[Scraped caption text data]
☆ ☆ ☆ ☆

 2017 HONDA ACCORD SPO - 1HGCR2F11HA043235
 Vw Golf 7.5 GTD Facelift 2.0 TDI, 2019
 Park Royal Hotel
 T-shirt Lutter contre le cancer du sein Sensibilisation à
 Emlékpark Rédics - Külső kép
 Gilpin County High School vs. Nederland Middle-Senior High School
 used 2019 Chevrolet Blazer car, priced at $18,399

☆ ☆ ☆ ☆

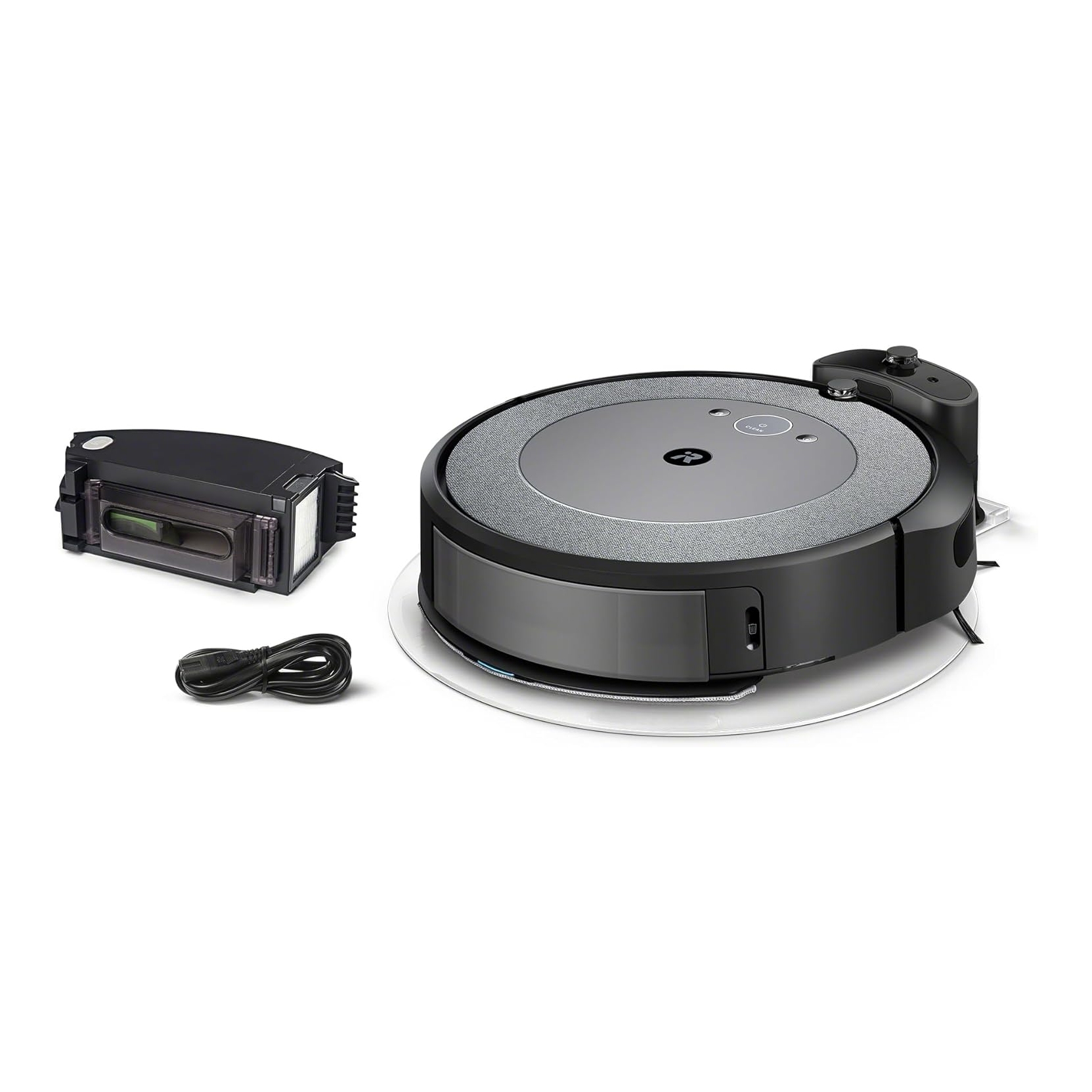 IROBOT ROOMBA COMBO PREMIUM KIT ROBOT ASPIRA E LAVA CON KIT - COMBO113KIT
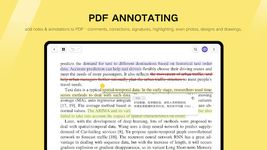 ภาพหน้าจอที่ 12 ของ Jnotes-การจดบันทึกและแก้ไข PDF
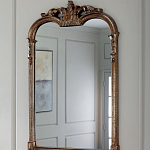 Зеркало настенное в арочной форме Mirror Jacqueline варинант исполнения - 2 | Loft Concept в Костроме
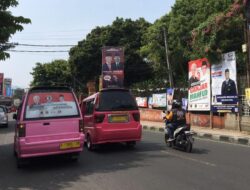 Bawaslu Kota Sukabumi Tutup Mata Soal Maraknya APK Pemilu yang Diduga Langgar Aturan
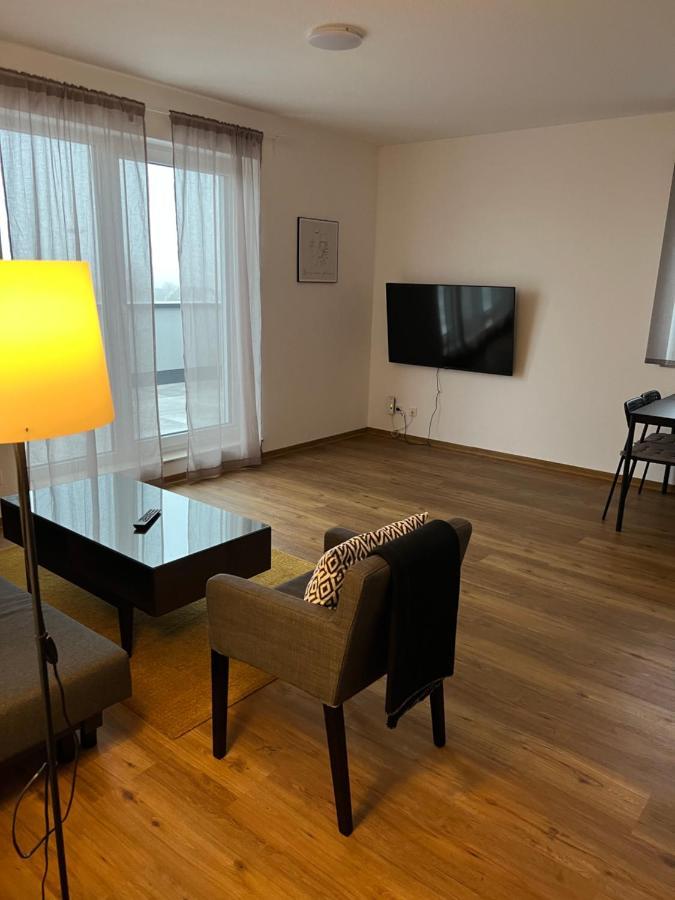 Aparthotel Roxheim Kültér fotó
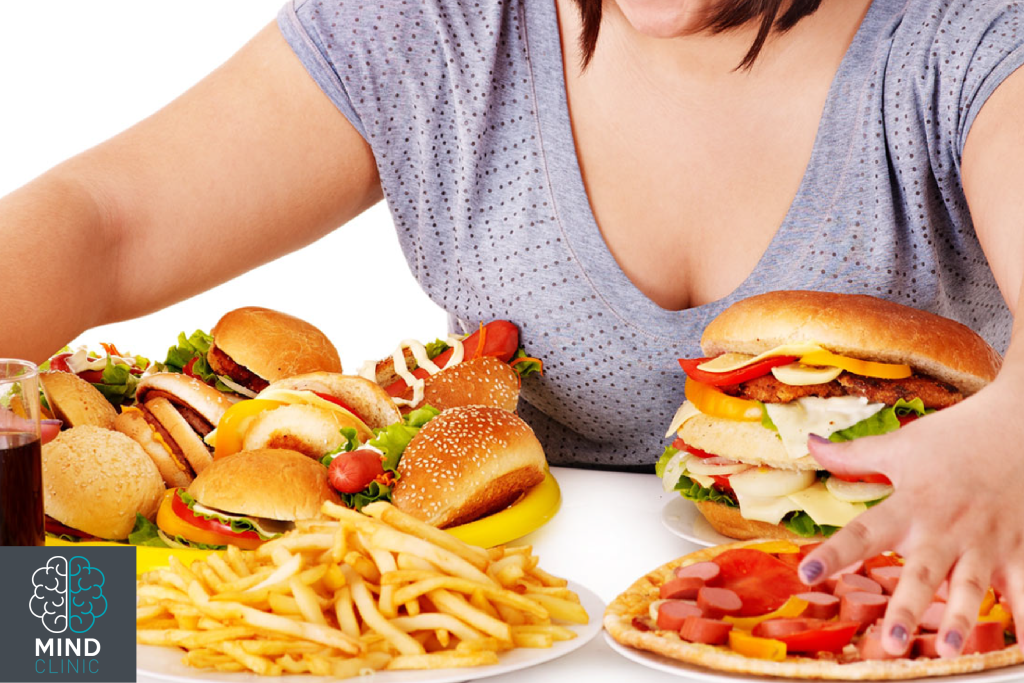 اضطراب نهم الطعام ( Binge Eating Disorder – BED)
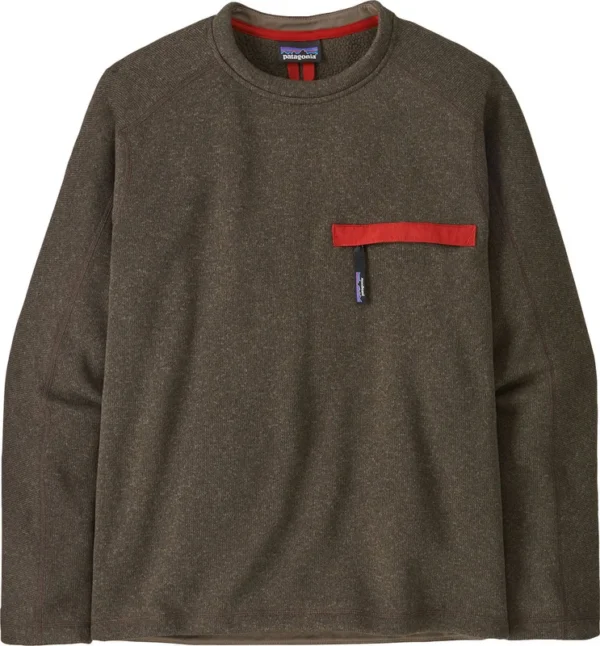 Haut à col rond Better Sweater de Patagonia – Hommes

☆ ☆ ☆ ☆

In the entries above, every line from the line with "Aparthotel Roxheim Kültér fotó" to the line with "Haut à col rond" is to be printed exactly, with both ends included and pictures excluded.

Response to this exercise:
 Aparthotel Roxheim Kültér fotó
 اضطراب نهم الطعام ( Binge Eating Disorder – BED)
 Haut à col rond Better Sweater de Patagonia – Hommes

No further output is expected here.